Task item -
Restate the listing below line for line and word for word, without the pictures.

Record excerpts -
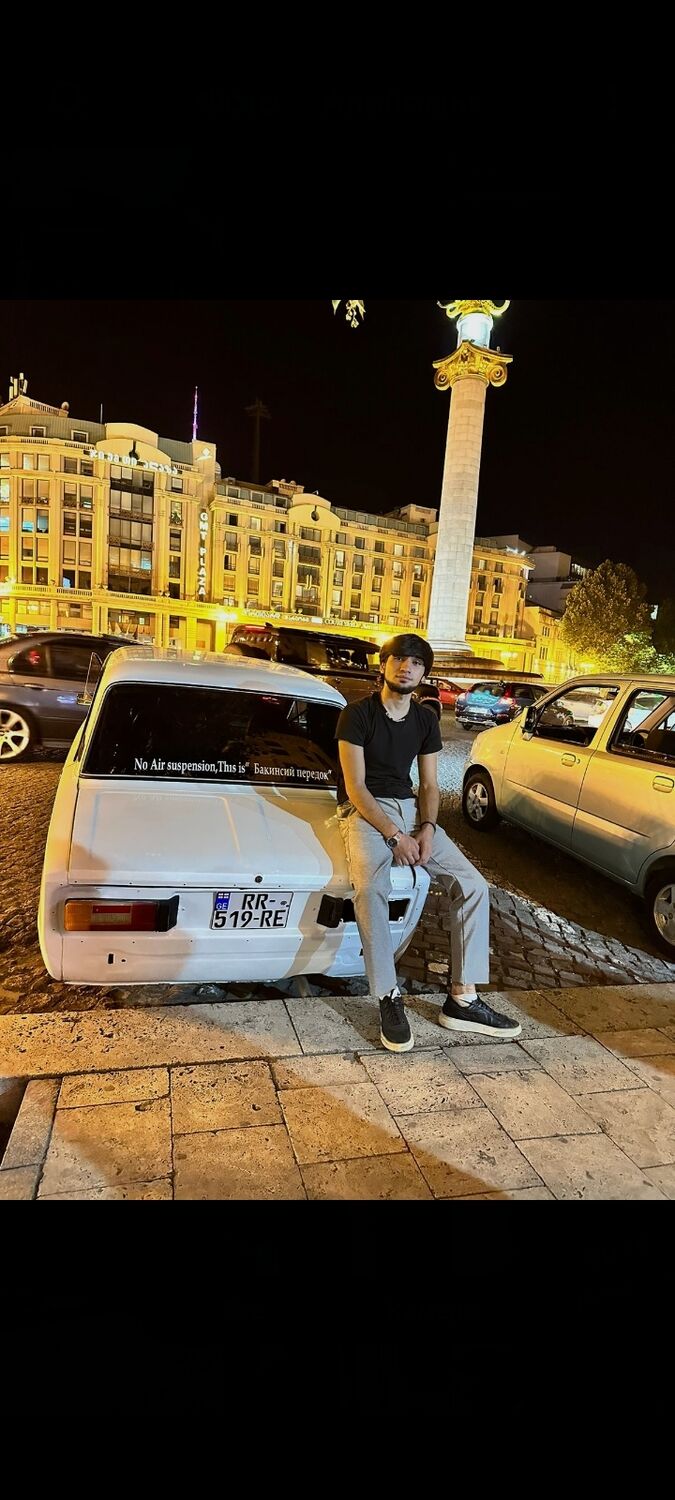  36839574  Famo, 23 ,    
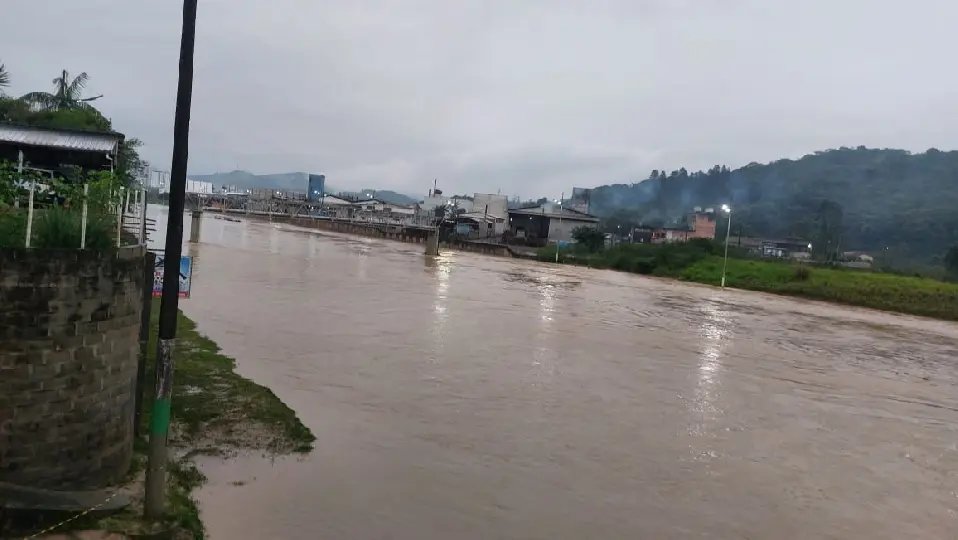 Nível do rio Itajaí Mirim volta a subir em Brusque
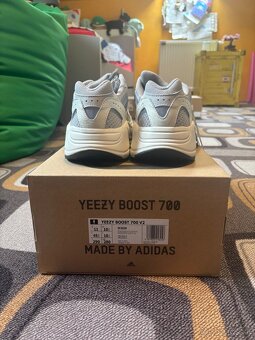 Yeezy Boost 700 V2 Static EU45 1/3 - 3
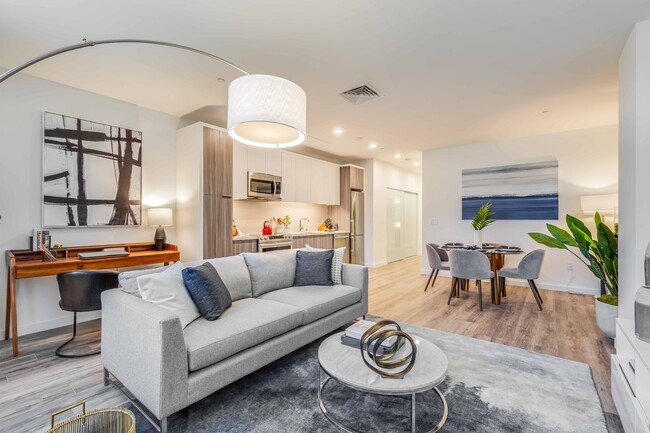 COMFORTABLE 1 BED/ 1 BATH APARTMENT IN DOWNTOWN HONOLULU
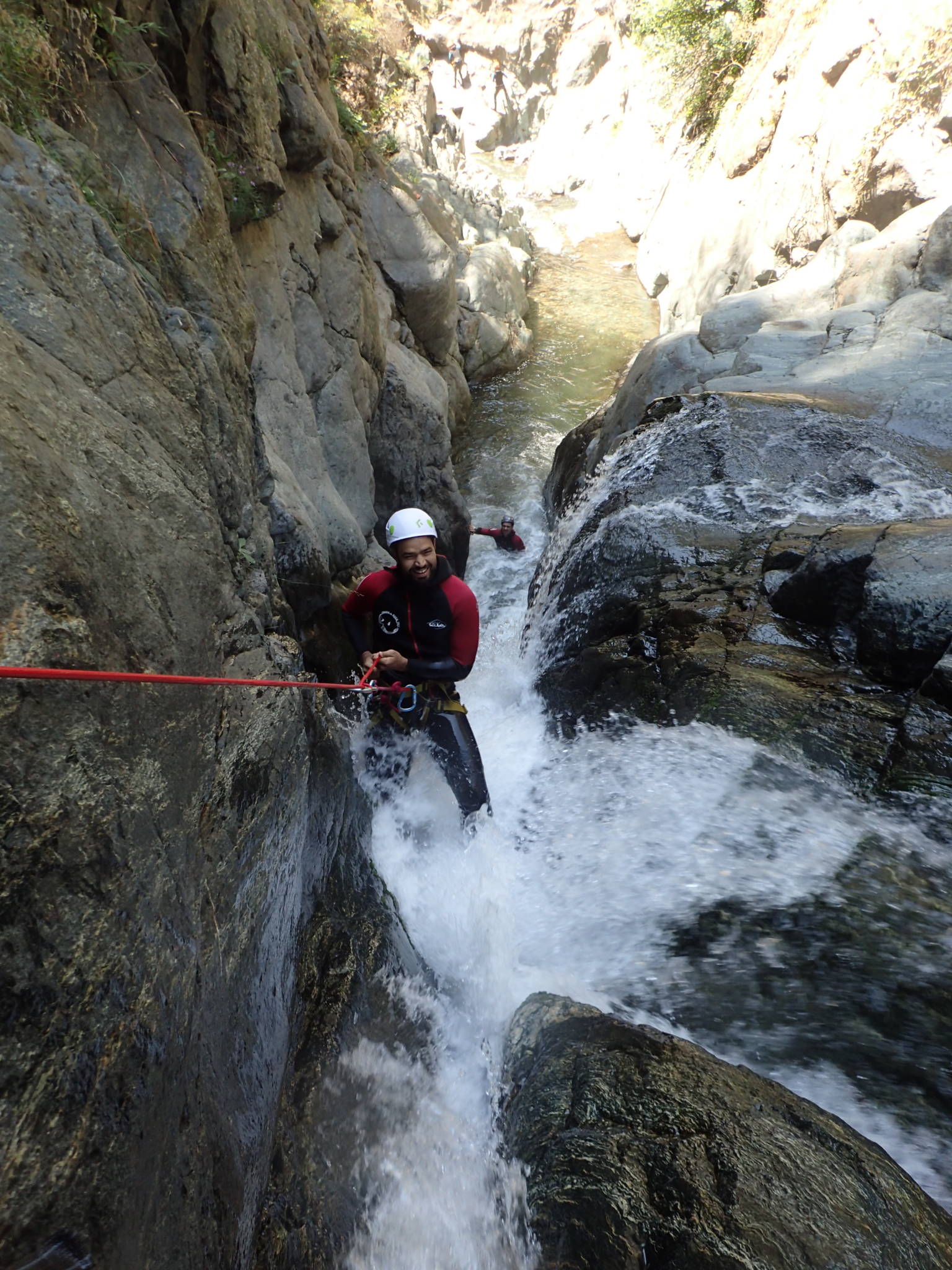Rappel arrosé dans le canyon de Caprie en Italie près de Briançon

Your response -
  36839574  Famo, 23 ,    
 Nível do rio Itajaí Mirim volta a subir em Brusque
 Yeezy Boost 700 V2 Static EU45 1/3 - 3
 COMFORTABLE 1 BED/ 1 BATH APARTMENT IN DOWNTOWN HONOLULU
Rappel arrosé dans le canyon de Caprie en Italie près de Briançon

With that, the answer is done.